Although the widespread availability of PSA screening in 1992 did lead to an increase in the number of prostate cancers detected and a 44 % reduction in mortality as suggested by simulation models, calculations suggest that screening does not improve quality-adjusted life years (QALYs), even if there is a reduction in mortality.[13] For prostate cancer screening, there is a high potential for overdiagnosis. Overdiagnosis means screening of a condition that would not have been clinically evident in the lifetime of the patient. The prevalence of prostate cancer detection at autopsies of men that died due to other causes is higher than the lifetime incidence of prostate cancer in the population. Per data from studies, 23 to 50 % of prostate cancers are overdiagnosed.[14][15][16] Many of the screening-detected PCa are likely to have early-stage cancer, which probably wouldn’t have even caused any clinical problems in the patient’s lifetime. But this initial screening leads the patient to undergo further confirmatory testing and aggressive treatment. These, apart from causing a myriad of adverse effects, also bring in anxiety and cancer-related psychological effects for the patient.

Clinical Significance

The goal of screening is to reduce prostate cancer-specific morbidity and mortality by early detection of high-risk and localized cancers, which can be successfully treated. Screening has shown to offer a small potential reduction in the chance of dying from prostate cancer in some men.[4] Studies from RCT have demonstrated that in men aged 55 to 69 yrs, PSA based screening can prevent 1 PCa-related death when screened for over ten years per 1000 men screened.[17] Screening programs may prevent 3 cases of metastatic PCa per 1000 men screened.[4] But current results from screening trials show no reduction in the all-cause mortality.[18] There is inadequate evidence whether the benefits of screening are more in high-risk individuals aged 55 to 65 yrs and whether earlier screening of such high-risk men is beneficial.
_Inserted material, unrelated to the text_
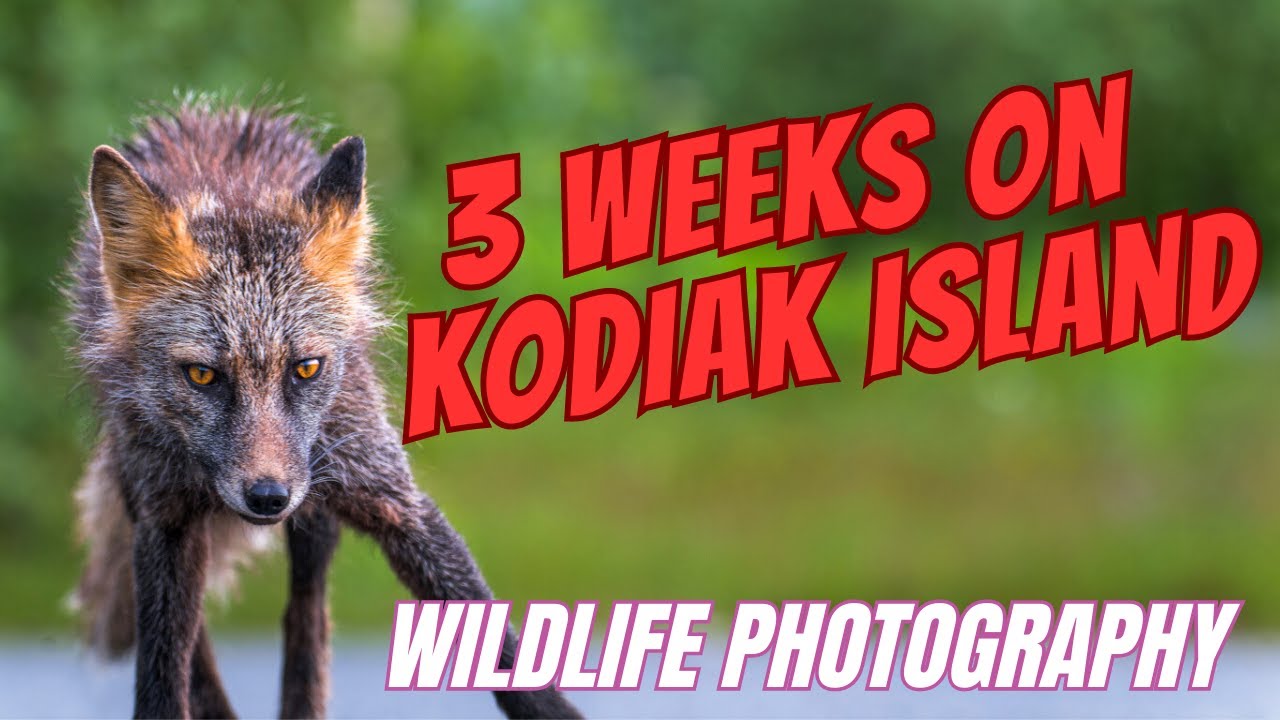 I Spent 3 Weeks Photographing the Amazing Birds and Animals on Kodiak Island.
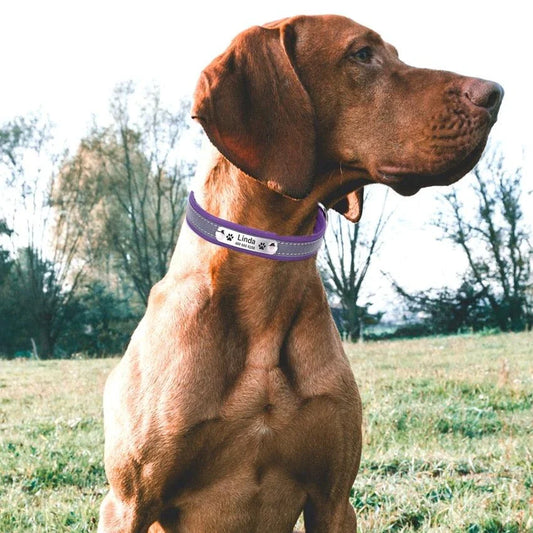 Premium Personalized Reflective Dog Collar in various colours and sizes, designed to enhance your canine's safety and style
But for men aged 70+, there is adequate evidence consistent with no benefit of PSA-based screening for prostate cancer.[19]

Nursing, Allied Health, and Interprofessional Team Interventions

For enhancing prostate cancer screening outcomes, an interprofessional team of specialty-trained nurses, general practitioners, physician assistants, urologists, and oncologists must work in coordination to deal with various issues that continue to challenge them in dealing with uncertainties regarding prostate cancer screening outcomes. Some of these include:

  • Individualizing the evaluation of elevated PSA level
  • Use of other tests to complement PSA in improving the diagnostic and prognostic accuracy
  • Various uncertainties regarding when and how to use the newly available genomic tests at each stage of evaluation
  • The current controversy regarding prostate cancer screening.
  • Conflicting recommendation guidelines of different professional organizations for prostate cancer screening

This result is achievable by being updated with the new recommendations and information regarding screening for prostate cancer and effective collaboration and communication amongst the interdisciplinary team members. The interprofessional team can individualize the appropriate evaluation of each patient through communication and coordination of care. Specialty care nurses must work with the team for coordination of care and can aid in educating patients. [Level 5]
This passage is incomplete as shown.